The sys­tem­at­ic thinker is careful of the manner in which he marshals his difficulties. He knows that certain problems should properly be considered before certain others, and he saves himself labor and sometimes error by considering them in that order. Before asking himself how Government should cure a given social evil, he first asks whether it is the duty or even the right of the State to attend to that par­tic­u­lar evil at all. In other words, before asking what the State should do in any par­tic­u­lar case, he considers first what the proper sphere of government is. It must be admitted that a previous question often cannot be discovered until one has actually attempted the solution of a problem. In the foregoing instance, it would be difficult to determine the proper sphere of government by any other method than a con­si­der­a­tion of par­tic­u­lar cases where government interference suggests itself.

In fact, it is only by deep reflection on a subject that we come to realize most of the problems involved. You walk along the road with your friend the botanist and he stops to pick what looks to you to be a common wild flower. “Hm,” he muses, “I wonder how that got in this part of the country?” Now that is no problem to you, simply because you do not happen to know why that par­tic­u­lar flower should not be there—and what men do not know about they take for granted. Knowledge furnishes problems, and the discovery of problems itself constitutes an in­tel­lec­tual advance.

Whenever you are thrashing out a subject, write down every problem, difficulty and objection that occurs to you. When you get what you consider a satisfactory solution, see whether or not it answers all of them.

I have stated that method is essential to good thinking. I have given rules and examples of methodic thinking. But I do not want to create a false impression. If a man has not within him the materials of a thinker, no amount of method can make him one. Half the thinking process, as pointed out, depends on the occurrence of sug­ges­tions. The occurrence of sug­ges­tions depends on how ideas are associated in a man’s mind. While this depends to some extent on the education and the whole past life and environment of the individual, it depends far more on inborn mental qualities. All method can do is to awaken the most fruitful associations of ideas already in mind. Hence the more methods we adopt—the greater the number of views we take of any problem—the more solutions will suggest themselves.

There is one further reason why we should take as many different viewpoints as possible. In our example of the inheritance of acquired char­ac­ter­is­tics in animals, if we had been sure that the results of our deductive reasoning were correct, it would have been a sinful waste of time to experiment. But when we attack a problem by several methods we can compare the results from each. If these results agree we have good evidence that our solution is correct. But if we have adopted quite a number of viewpoints, and have not let the results of one influence those of the next, they are almost certain to be at variance. This means that we have erred in applying one or several methods.

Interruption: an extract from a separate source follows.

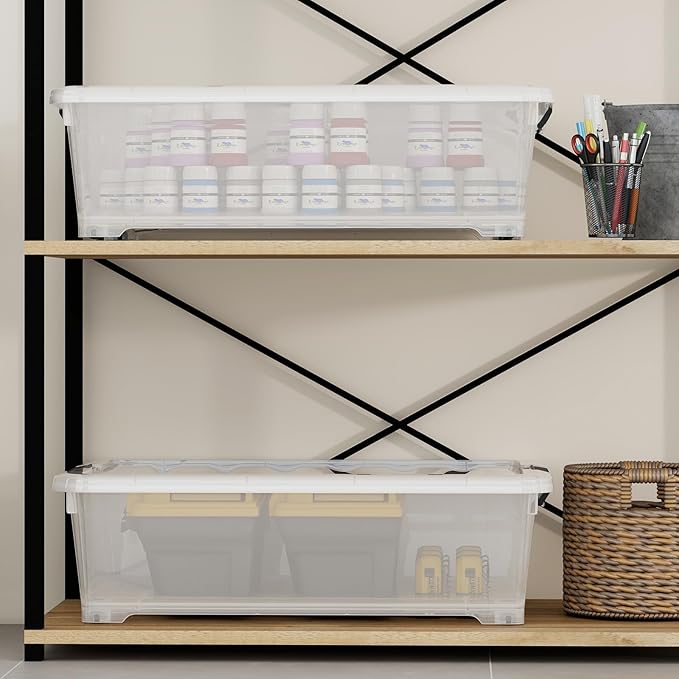 20 Quart Under Bed Storage Containers with Wheels – Clear Plastic Storage Bins with Lids 4-Pack Easy-Glide Wheeled Organizer for Closet Dorm &amp Seasonal Items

How are we to find which of the methods it was, and how are we to prevent such errors?

This is the subject of our next chapter.

III A FEW CAUTIONS

Thus far we have con­sidered only pos­i­tive and con­struc­tive think­ing, and means for ob­tain­ing relevant sug­ges­tions. We have had almost nothing to do with cautions, means for avoiding fallacy and error, and means for testing the truth and value of sug­ges­tions. Most writers who have discussed thinking have dwelt so much on the negative aspect—so much on what we should not do—and have so slighted the question of what we should do, that I have perhaps been led to adopt this order, more from a feeling of revolt than because it is logically better. But I believe I have logic on my side. Constructive methods make thinking “go”; cautions steer it in the right path. An auto­mo­bile with­out a steer­ing gear is almost as useless as one without a motor. But an auto­mo­bile can go without being steered, whereas it cannot be steered unless it is going.

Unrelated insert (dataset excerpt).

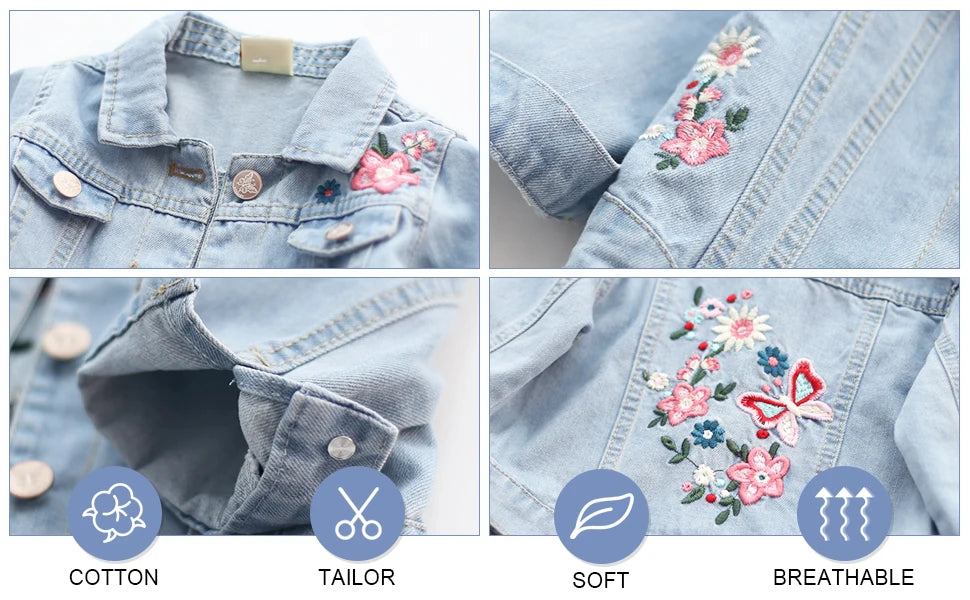 Girls Denim Jacket,Children's Cowboy Coat,Transition Jacket with Embroidered,Denim Coat,Outdoor Jeans Jacket for Spring Autumn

But while with automobiles we can clearly divide moving from steering, we cannot do this with thinking. The two processes are so inextricably bound up, that we cannot engage in one without engaging in the other; we cannot even speak of one without implying the other. I have divided them for convenience of exposition. But in the last chapter we were forced to deal slightly with cautions, and here we shall have to consider constructive methods to some extent.

A case in point is clas­si­fi­ca­tion. In taking this up from a constructive standpoint, I remarked that all clas­si­fi­ca­tions ought to be logical. But I did not say what I meant by logical, nor did I tell how a logical clas­si­fi­ca­tion could be secured. The two most prominent errors made in classifying are (1) not making clas­si­fi­ca­tions mutually exclusive, (2) not making them cover all the objects or phenomena supposed to be classified.